The surge plan for Health Services involved purchasing and allocating resources for the ability to provide care during the pandemic in the event that the health system exceeded the limits of their normal infrastructure. As the number of COVID-19 cases have increased over 8,200 since March the health system has experienced an overwhelming number of hospitalized patients in the Intensive Care Unit.

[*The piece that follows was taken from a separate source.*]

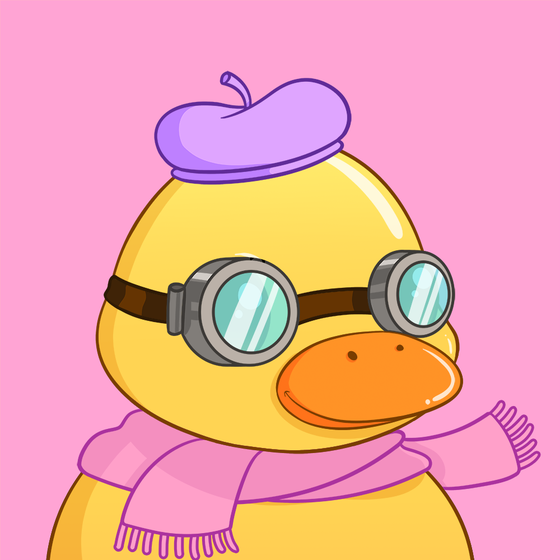 Duck Frens #169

“Back in March, our team started working on a surge plan in the event that we started reaching our hospital bed capacity,” Executive Director Dr. R. Stephen Jones said. “Recently, we’ve had challenges when transferring patients to other facilities due to their own capacity limitations. When we are full and when our partner facilities are full, we have to act to continue caring for our patients.”

“W.W. Hastings Hospital began reaching its capacity of 49 beds in early November and with the increased number of cases has become overwhelmed,” Jones added.

The surge plan has allowed an increased capacity of approximately 50 percent to the ICU beds in the hospital. As the surge progresses, the health system may be required to engage staff from other Cherokee Nation outlying health centers to aid in caring for hospitalized patients with COVID-19.

“We are utilizing all of our resources to assist in this surge,” said Jones. “It is our mission to continue providing quality care to our patients while keeping them close to home. We understand that it puts pressure on families when their loved ones are not cared for locally. Our health leadership is constantly monitoring our current capacity and looking ahead to decide when to initiate the next phase.”

In the midst of the implementing the surge plan, Cherokee Nation Health Services began its first phase for vaccinating against COVID-19.

“The vaccine does bring us hope as we move forward but it’s important to understand that the vaccine alone will not end the pandemic, but it is another layer of defense on top of masks, social distancing and all the other safety measures we have in place,” Executive Medical Director Dr. Roger Montgomery said. “Because we currently have a limited number of doses, we are making sure that our most vulnerable populations such as healthcare workers, first responders, and those who are high risk are being identified and contacted to receive the vaccine first. We are planning to receive more vaccine so that we can vaccinate each tier group as it becomes available.”